I've had this female friend for the past 2+ years. We've known each other for the past 5 years. She contacted me out of the blue looking for advice about her boyfriend (now ex) 2 years ago when we first started becoming friends. She never really took my advice. Anyways, they broke up about 9 months ago. She started to grow on me a lot long before this but I wasn't going to act on it. Just a side note, she used to always tell me that her other friends weren't really good friends at all so she could never "talk" to them or trust them for that matter. Anyways, her older cousin finally talked to her and got some sense into her head and she finally moved on from this ex...even though I gave her the same advice. Fast forward to the end of May. She was telling me about this guy she likes who lives 700 miles away. Then randomly, she told me she also had a crush on me. At first I was shocked, then really excited, and then 2 weeks later I told her I don't want to just be an option because it's just too hard. Anyways, our friendship took a huge blow. I mended things when I said let's forget any of that even happened, but it was hard for me to turn my feelings off just like that. It didn't feel like we were back to our old friendship either.

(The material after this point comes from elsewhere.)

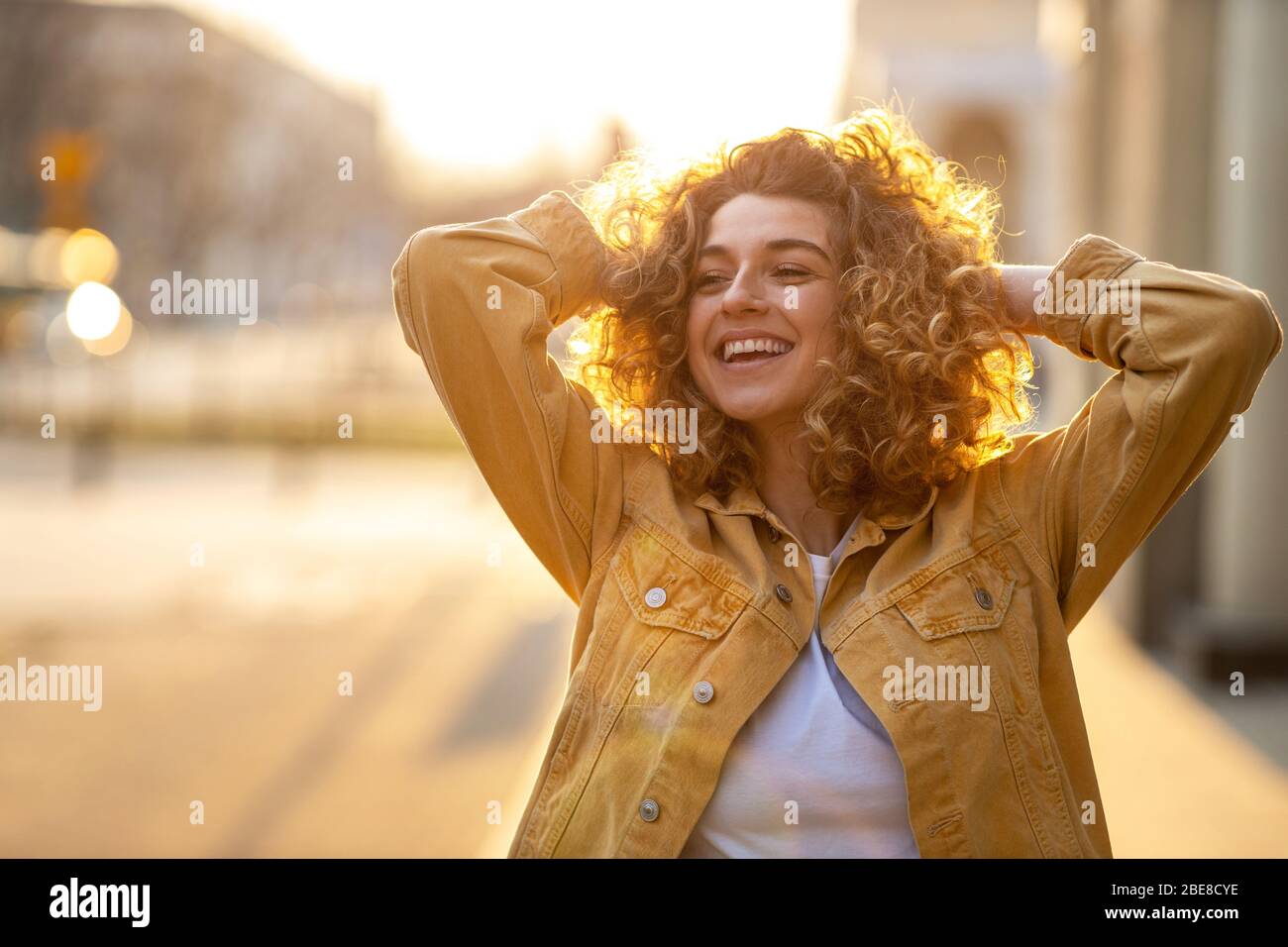 Portrait of young woman with curly hair in the city Stock Photo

She left for another country for the summer break to be with her relatives. A week before she left we were at a concert and she was making out with a random dude. I got really jealous. Her Twitter was blowing up from her horrible friends she always told me about saying, "yay you're finally a sl*t, get it in!" and telling her to hook up with more guys and garbage like that. The reason I liked her so much as a friend (and more) was because she was the exact opposite of this. She had good morals and a strong head on her shoulders. She didn't even care that she hurt my feelings until 4-5 days later when she finally apologized. She always said she didn't want to kiss just anyone and that she was waiting for the right person etc etc and I loved that about her. Well now she talks to these other friends all the time, referring to them as best friends, and I feel like I don't even matter that much. They are horrible examples and I know it. I get so down knowing that she's changed in a matter of weeks. It's like she's trying to please these friends for no reason. It gets me so upset and it feels even worse that there's nothing I can do about it. I tried talking to her about it but it seems like she's built up a wall against me. She doesn't talk to me like she did before she moved me out of the friend-zone and forced me back into it. I guess these "other friends" have replaced me. She left the country 3 weeks ago for 2 months and the Friday after she left she was able to get on Skype...we were talking and all of a sudden she ignores me for 30 minutes. I looked at her Twitter and it said, "yay finally skyping with ******(bad influence friend)!" So I just signed off. That's the last time we talked.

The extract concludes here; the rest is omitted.